He wasn’t just one of New England’s first patriots. He was apparently so tough and fit that he probably could have played for the New England Patriots.

And as Revere rode that night, it was as if those thousands of hoof strikes between Charlestown and Lexington and Concord called those thousands of Massachusetts militiamen to the field.

Revere’s impressive effort became America’s iconic journey against tyranny.

Because at the end of that ride, as the column of British regulars advanced, there was the exclamation point.

As Emerson wrote in Concord’s Hymn:

"By the rude bridge that arched the flood, Their flag to April's breeze unfurled, Here once the embattled farmers stood And fired the shot heard round the world."

That musket fire released years of anger, of oppression, heralding a charge that would not cease until the Atlantic welcomed the British eastward once more.

Today, when the Marathon starting pistol pierces the April breeze, Boston will lead another iconic journey against the tyranny of terrorism. Today is our new shot heard round the world. Today, we renew our call to liberty.

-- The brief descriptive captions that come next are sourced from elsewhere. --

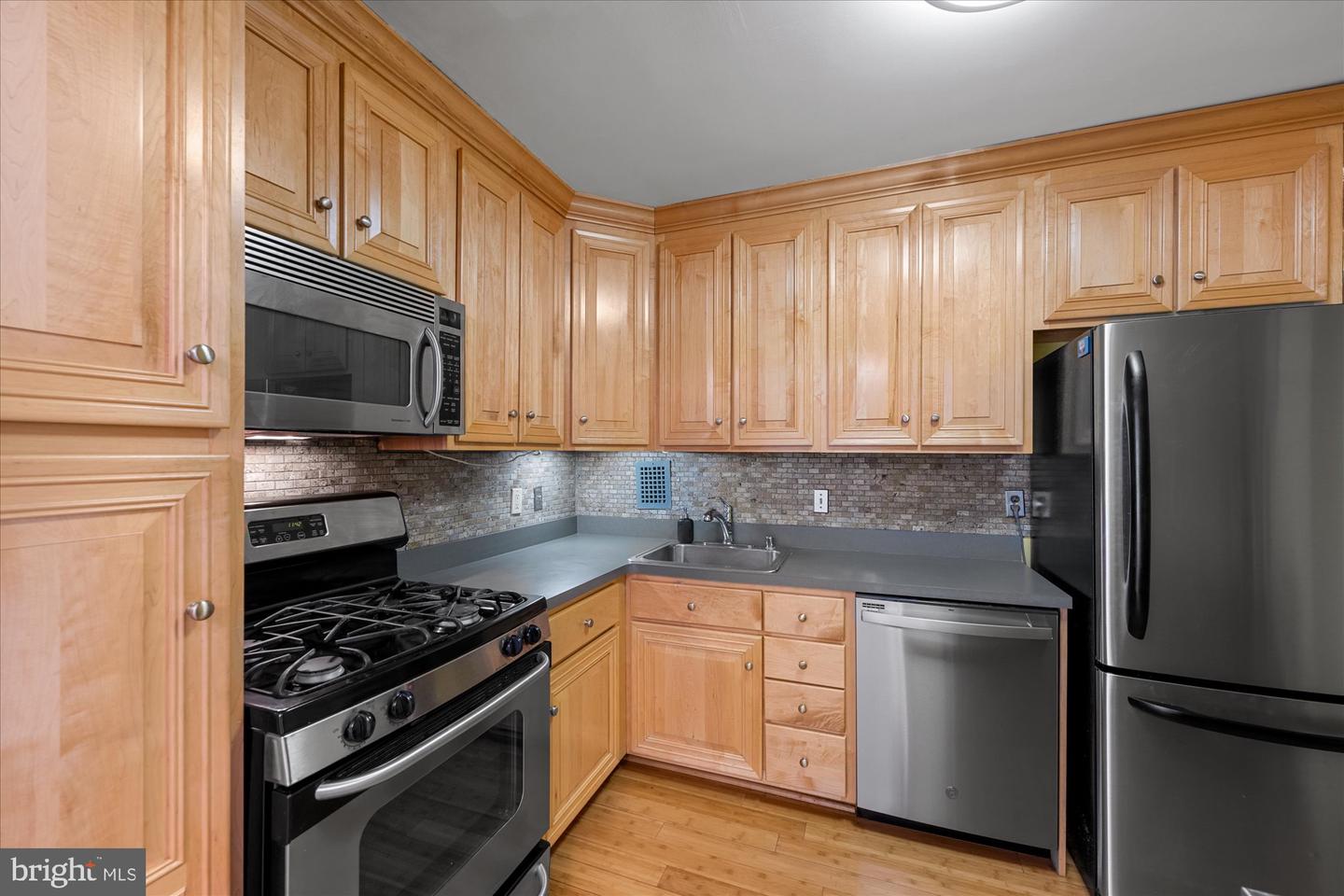 3001 VEAZEY TER NW, WASHINGTON, District Of Columbia 20008, 1 Bedroom Bedrooms, ,1 BathroomBathrooms,Residential,For sale,3001 VEAZEY TER NW,DCDC2167760 MLS # DCDC2167760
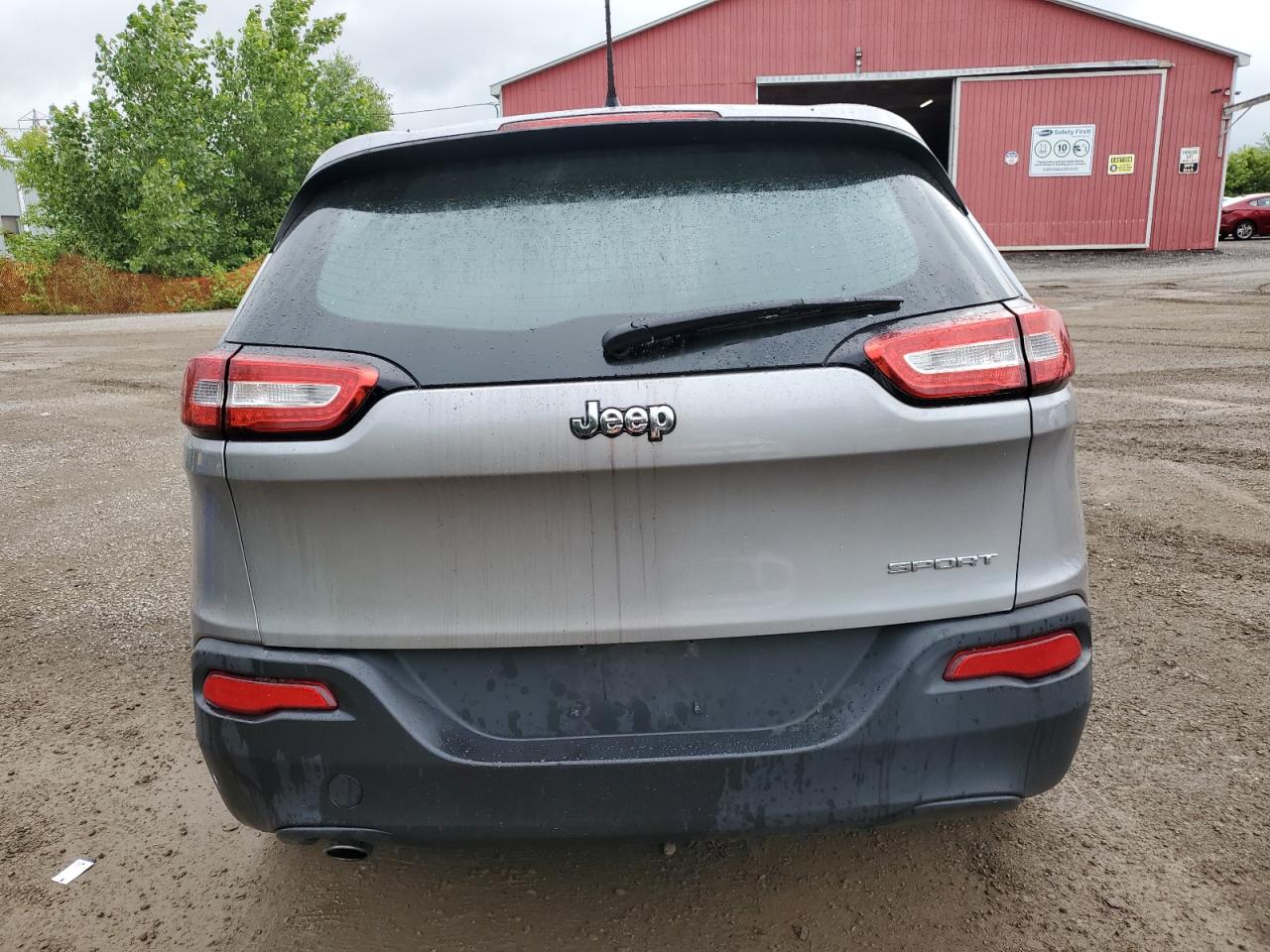 2015 Jeep Cherokee Sport VIN: 1C4PJLAB7FW627975 Lot: 65241385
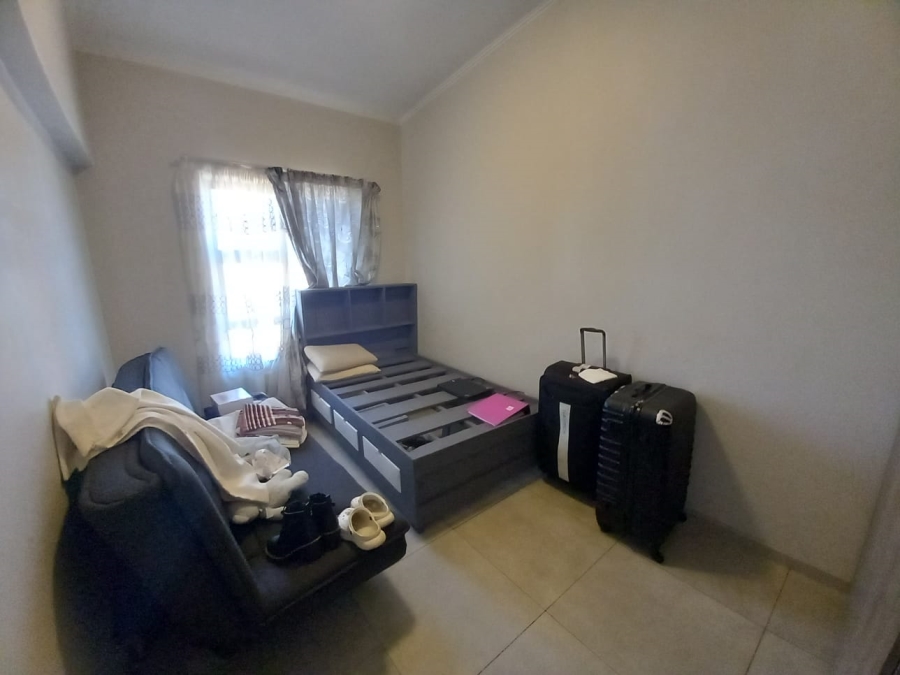 2 Bedroom Property for Sale in Glen Marais Gauteng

The riders today will instead be racers. The charge towards the finish line will welcome the world back to Copley Square.

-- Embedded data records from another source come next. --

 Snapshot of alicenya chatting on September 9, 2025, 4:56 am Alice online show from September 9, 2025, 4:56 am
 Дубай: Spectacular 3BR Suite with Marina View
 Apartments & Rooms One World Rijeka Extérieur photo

More than New Year’s Day, in Boston it is Patriots’ Day that ushers in a new hope, as winter’s ice relinquishes its grip. And as we celebrate the day, we realize more than ever that our city is engaged in constant conversation between history and future. Runners and spectators arise before dawn to participate in a race that dates to Greek antiquity. Our Red Sox, who we call our Old Towne Team, plays before noon, inviting the promise of the morning sun.

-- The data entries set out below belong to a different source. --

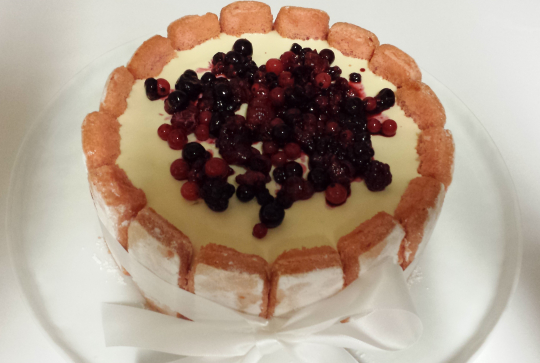 Charlotte aux fruits rouges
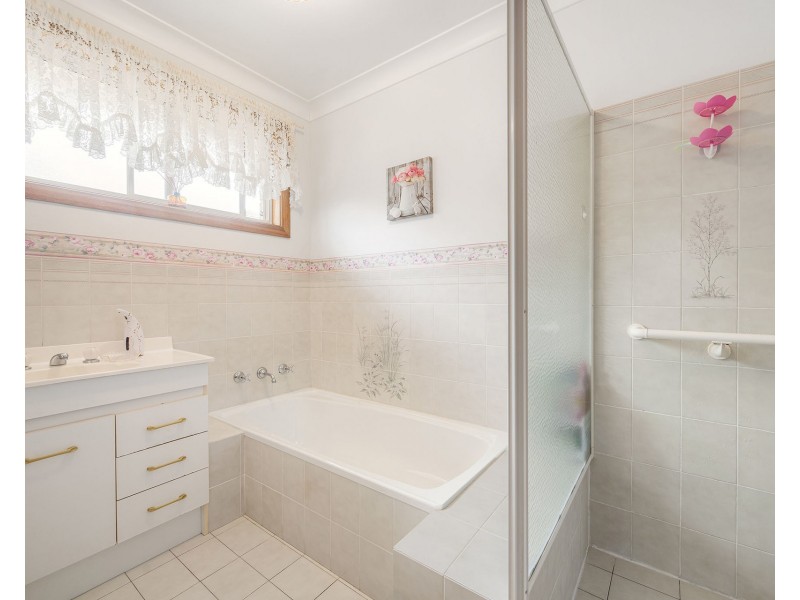 14 Fiona Crescent, Lake Cathie NSW 2445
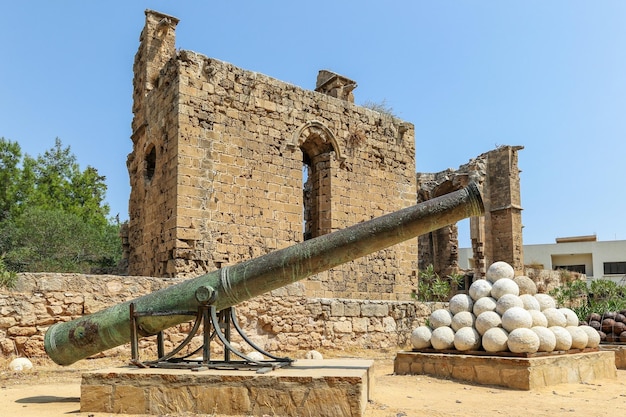 Cañón y balas de cañón en las ruinas de la ciudad de Famagusta en la República Turca del Norte de Chipre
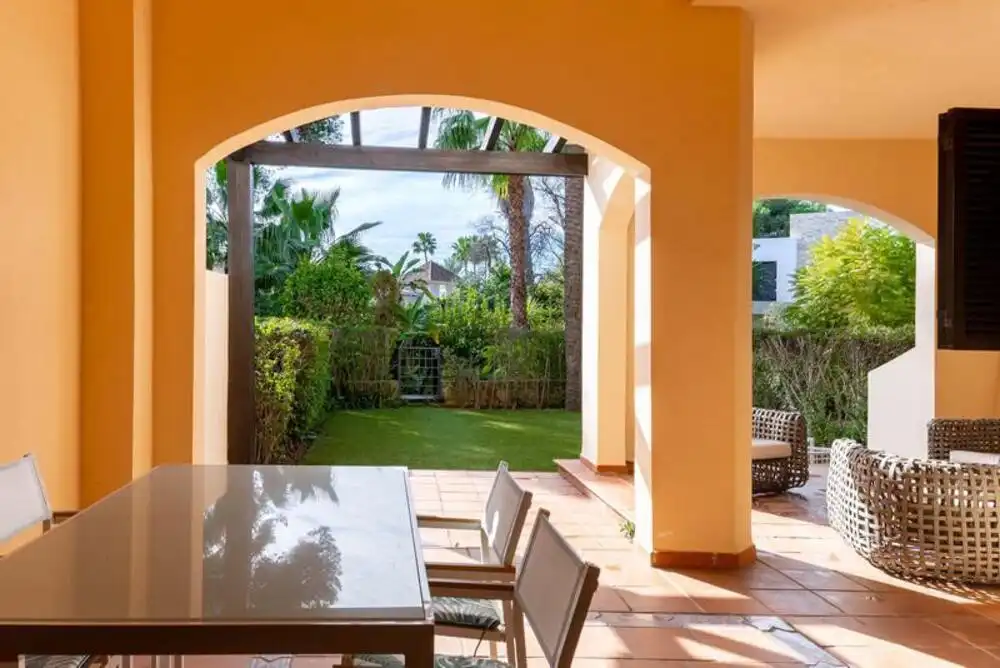 Terrassa de Planta baixa en venda en Marbella amb Aire condicionat, Terrassa i Piscina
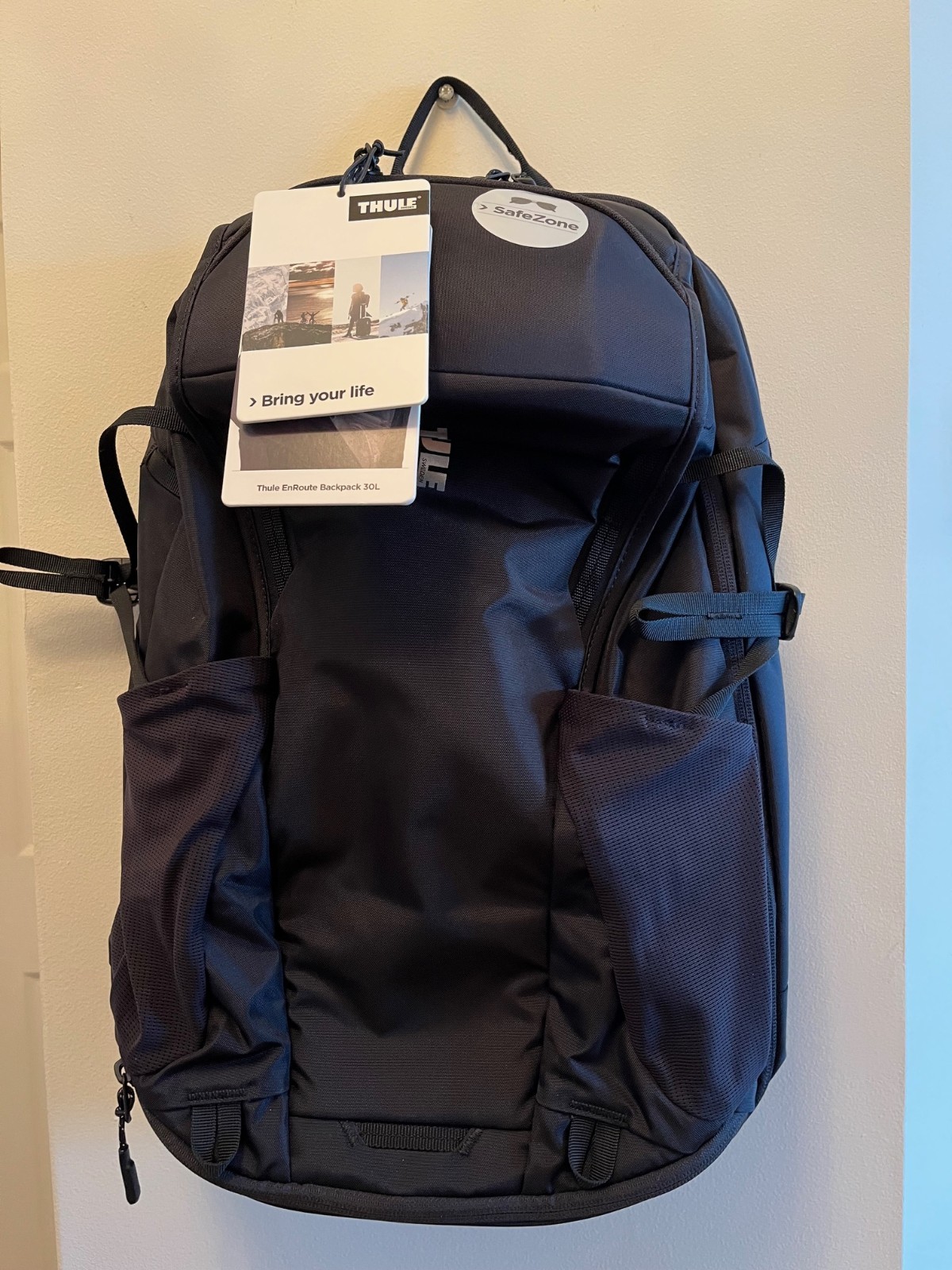 THULE ENROUTE BACKPACK 30L BLACK MODEL 3204849 LAPTOP BAG DAYPACK TRAVEL WORK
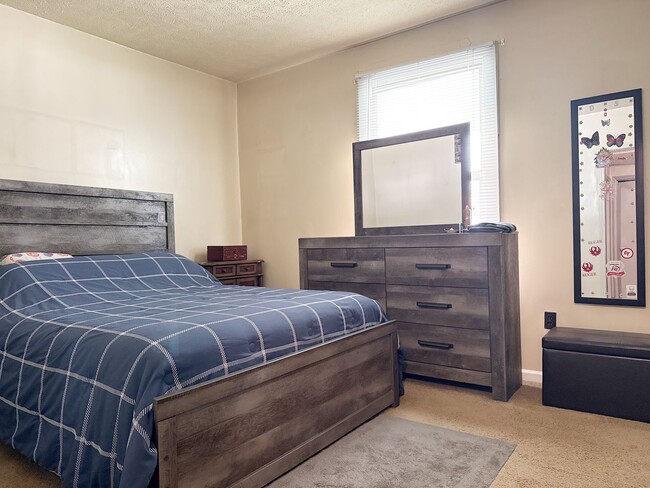 Building Photo - 606 5th St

That same push and pull of history and possibility will define our thoughts today, and every Patriots’ Day from now on. Today, we will miss those who have left us. And today, we will take the shattered shards of the past and patch together a new, stronger future.

But likely the greatest difference in this year’s Patriots’ Day compared to before the bombing is that we have realized we are a city still watched and revered by the world.

In his famous speech, John Winthrop, our first governor, said that Boston would be a shining city upon a hill; that this new experiment in self-determination would be watched by the world.

But the light of freedom, the light of democracy, these lanterns of liberty are not illuminated on their own. America brightens the world only as reflected light, radiating from the actions and aspirations of her people.

So when people cheer our race today, Boston and this region will shine brighter than ever, like millions of mirrors concentrating and projecting our values and hopes outwards to the world. And when that light is seen, it will kindle people to pursue liberty, wherever they are.

And as we cheer today, we will fill the spaces left by those who we lost. Krystle Campbell. Martin Richard. Lu Lingzi. Sean Collier.

And we will fill that void with love. Love: that is what restores the hole in our hearts. Love for our city. Love for our fellow man.

Martin Luther King said, “Darkness cannot drive out darkness; only light can do that. Hate cannot drive out hate; only love can do that.”

Today, in Boston, on the Marathon route, and throughout this Commonwealth, we will illuminate the very best of what unites us all—compassion, courage, optimism and hope.

And as runners ascend Heartbreak Hill this year, many of them will certainly be thinking of the heartbreak from last year. But their spirits, and their pace, will be buoyed by thoughts of those ordinary citizens and first responders who bravely rushed towards danger last April, and who cheer them on this year.

And we will realize that the connection between this, our happiest holiday, and the past is even deeper than ever. We consider our storied history even as we search for new possibility tomorrow. We relish in our role as being first in freedom. And we do so knowing the world still looks to us, still looks to Boston, to light the way to liberty.